The United Nations have been following developments in the fenced-off town of Varosha with concern, the UN Secretary General’s Spokesman Stéphane Dujarric has said, noting that the UN position on Varosha remains unchanged and that the parties are called on to avoid unilateral actions.

Invited by CNA to comment on Turkish President Recep Tayyip Erdogan’s presence at a “picnic” in Varosha over the weekend and his statement on a solution of “two states” in Cyprus, Dujarric said “our position is unchanged.”

“We are obviously been following what’s been going during the weekend in Varosha very closely and with concern. Our position on Varosha remains unchanged and guided by the relevant Security Council Resolutions, as we have often said,” he pointed out.

Dujarric said “it is important and the Secretary General calls the parties to avoid any unilateral actions that could trigger tensions on the island and that potentially undermine the return to dialogue for the future success of talks.”

“We call again on the parties to engage in dialogue in order to resolve their differences. We believe it is important to resume a viable and comprehensive negotiation process. We remain committed to support the two sides in revitalizing the political process.
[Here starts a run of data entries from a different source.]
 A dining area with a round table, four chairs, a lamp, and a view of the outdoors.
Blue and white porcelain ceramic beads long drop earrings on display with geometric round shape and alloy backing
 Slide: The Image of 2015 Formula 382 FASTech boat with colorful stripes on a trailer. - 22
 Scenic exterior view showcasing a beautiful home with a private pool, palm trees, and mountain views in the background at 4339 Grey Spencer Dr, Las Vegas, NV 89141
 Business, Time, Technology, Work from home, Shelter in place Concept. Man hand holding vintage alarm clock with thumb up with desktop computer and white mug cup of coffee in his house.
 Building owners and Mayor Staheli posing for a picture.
And we reiterate our readiness to explore possibilities for convening an informal 5+ UN meeting at an appropriate stage,” Dujarric stressed.
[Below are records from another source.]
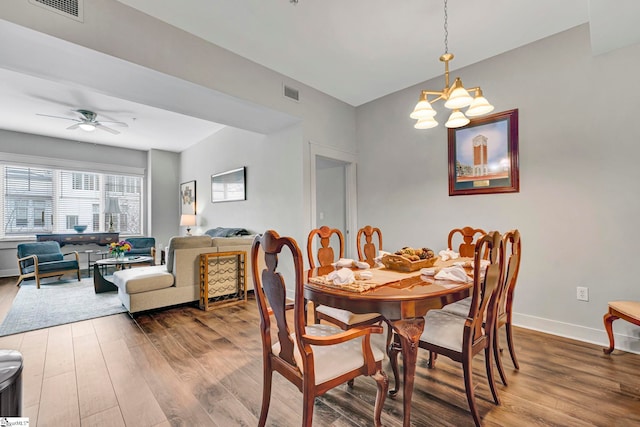 dining area with visible vents, baseboards, and wood finished floors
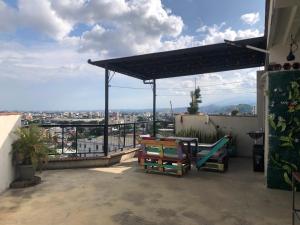 a patio with a table and chairs on a roof at La Curva Apartamentos in Cali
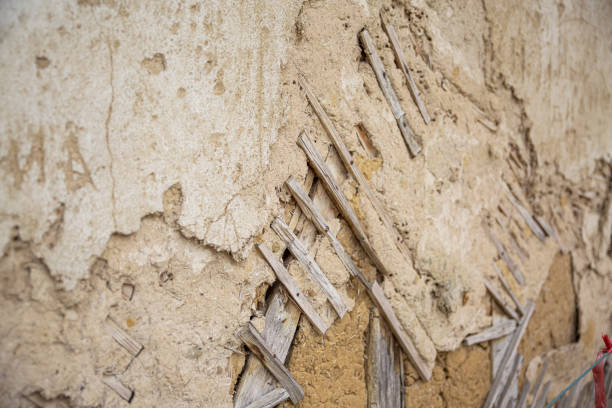 Close up of cracked adobe wall texture, clay wall from a mud house in Bulgarian Village.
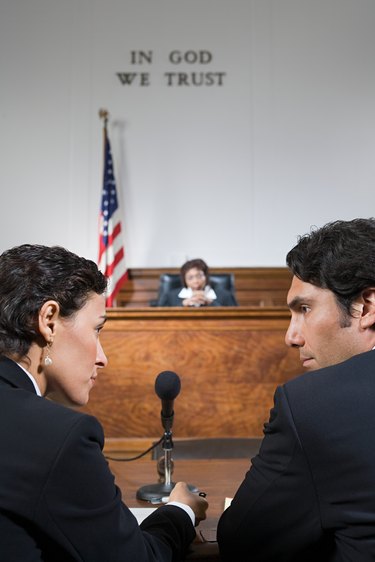A lawyer and defendant talking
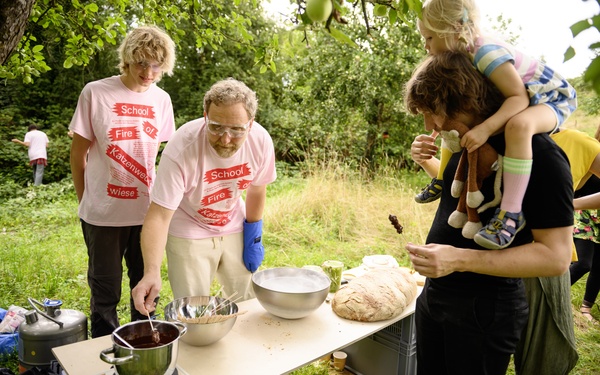Auf dem Foto sind Personen zu sehen, die T-Shirts mit der Aufschrift „School of Fire“ tragen. 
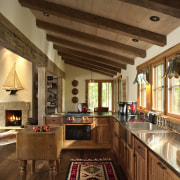 Kitchen with exposed ceiling beams and wooden cabinetry. beam, ceiling, countertop, estate, interior design, kitchen, living room, real estate, brown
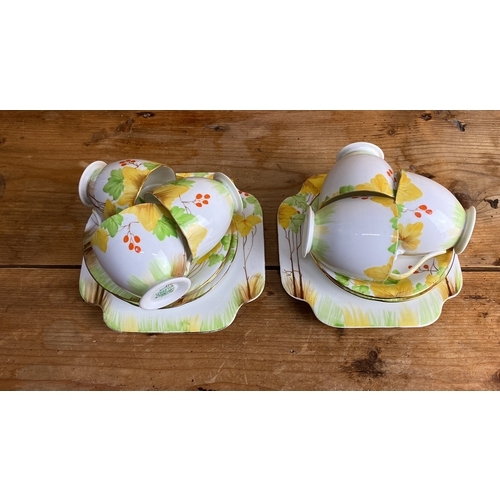 275 - Royal Grafton, bone china tea set, features a floral pattern with yellow, green, and orange accents,... 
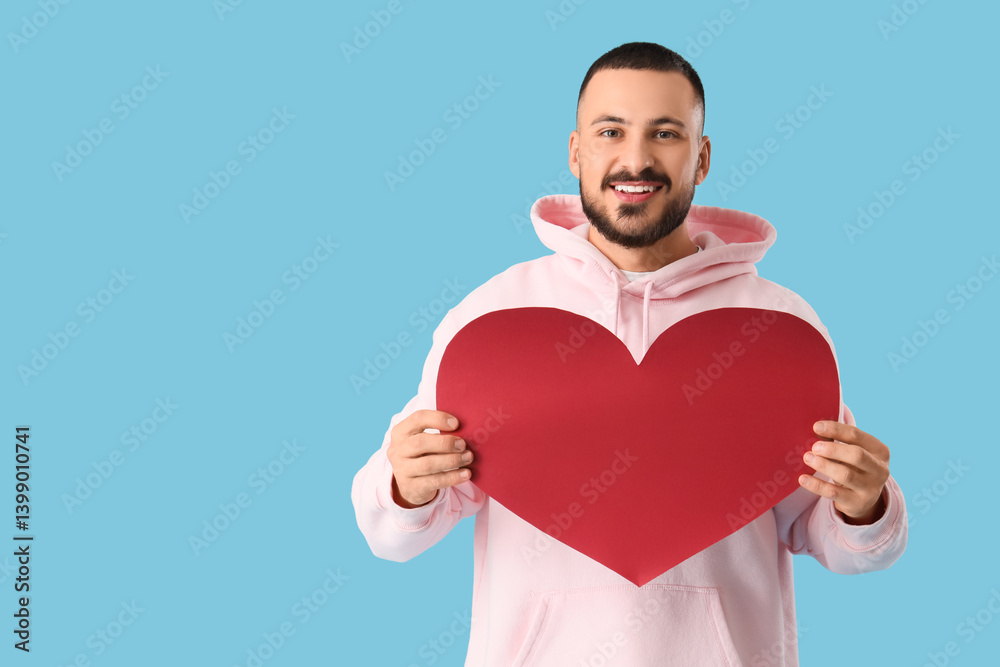 Handsome young man with paper heart on blue background Handsome young man with paper heart on blue background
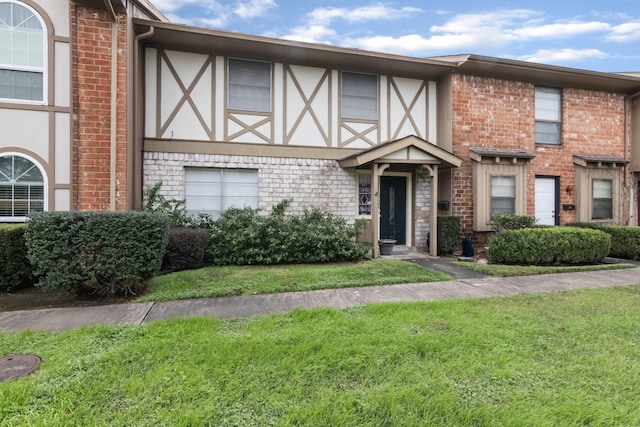 view of front of home with brick siding, a front lawn, and stucco siding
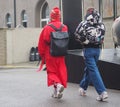 MILAN - FEBRUARY 22, 2018: Fashionable couple street style outfit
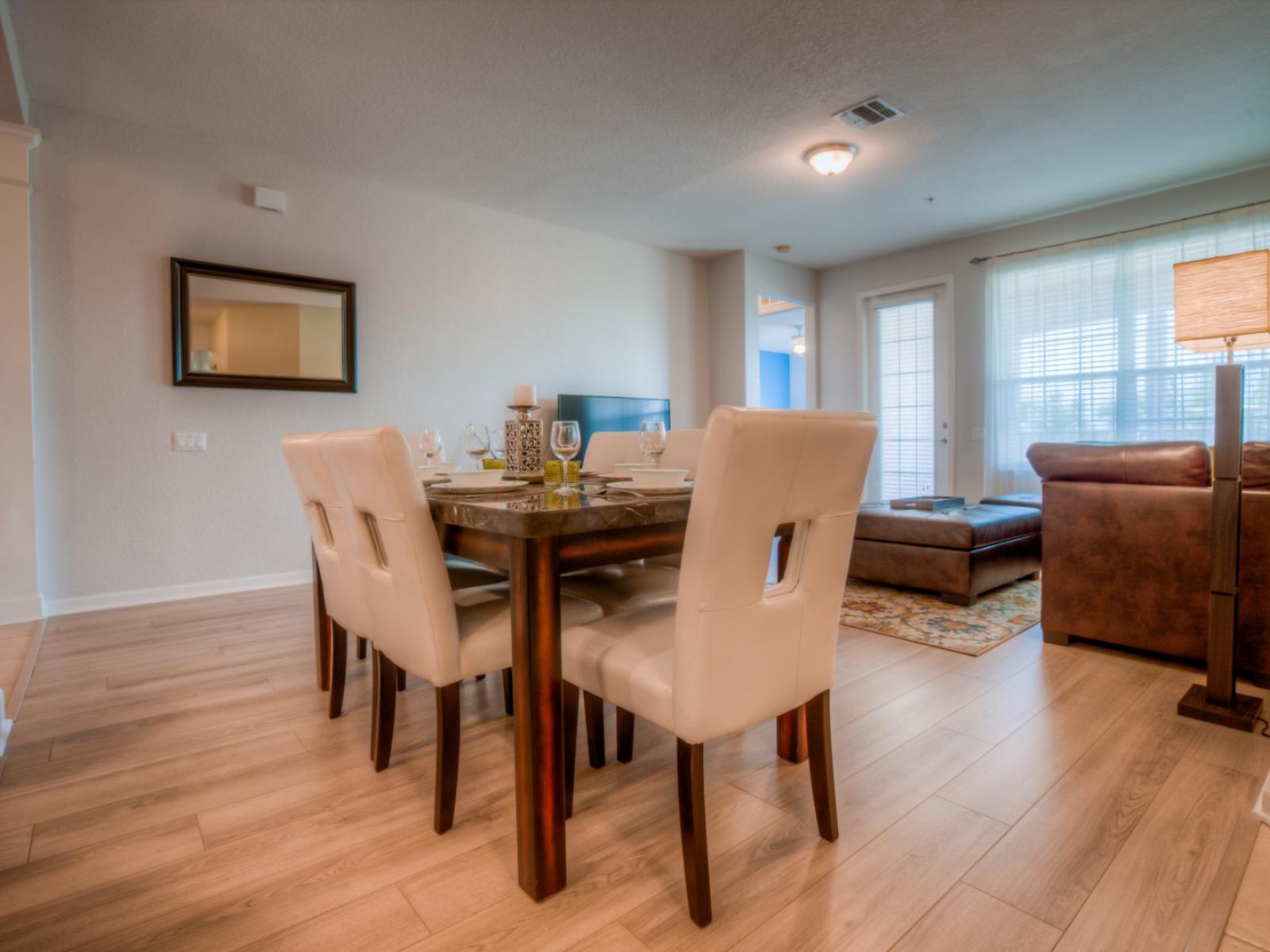 Indulge in comfort and style in our dining area of the condo in Orlando - Welcomes you with cozy and plush 6 persons dinning table - Ensuring that every meal is a delightful experience with your loved ones.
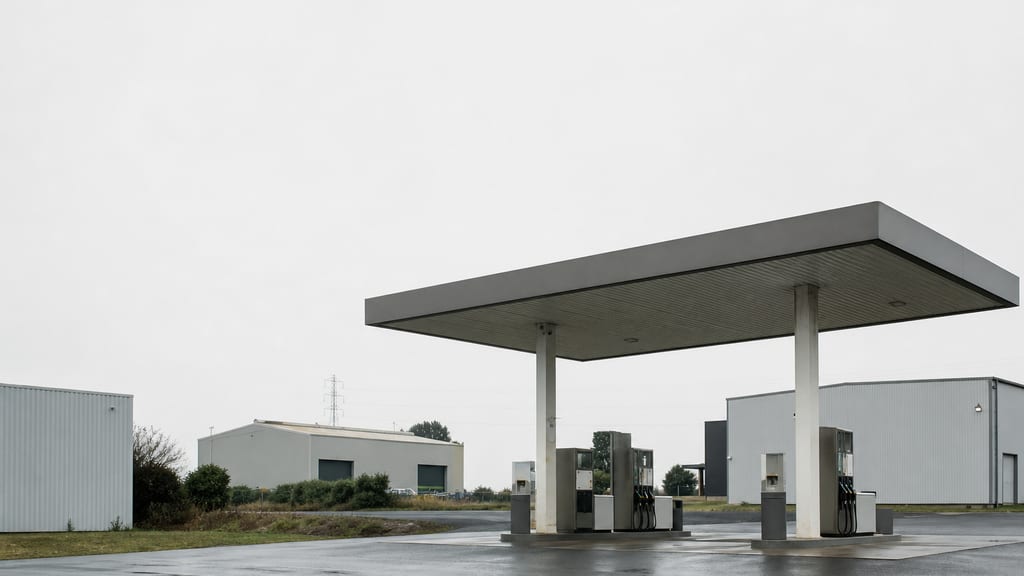 Station-service en zone d’activité périurbaine française, entrepôts flous derrière — prix carburant TotalEnergies — Boulevard de Troyes à Talant en ville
Furthermore, he said that “ultimately the means for a durable solution in Cyprus is the hands of the parties.”

Cyprus has been divided since 1974, when Turkey invaded and occupied its northern third.

The Turkish side illegally opened on October 8 part of the beach of the abandoned town of Famagusta, in violation to numerous UN resolutions.

Varosha, the fenced off section of the Turkish occupied town of Famagusta, is often described as a ‘ghost town’. UN Security Council resolution 550 (1984) considers any attempts to settle any part of Varosha by people other than its inhabitants as inadmissible and calls for the transfer of this area to the administration of the UN. UN Security Council resolution 789 (1992) also urges that with a view to the implementation of resolution 550 (1984), the area at present under the control of the United Nations Peace-keeping Force in Cyprus be extended to include Varosha.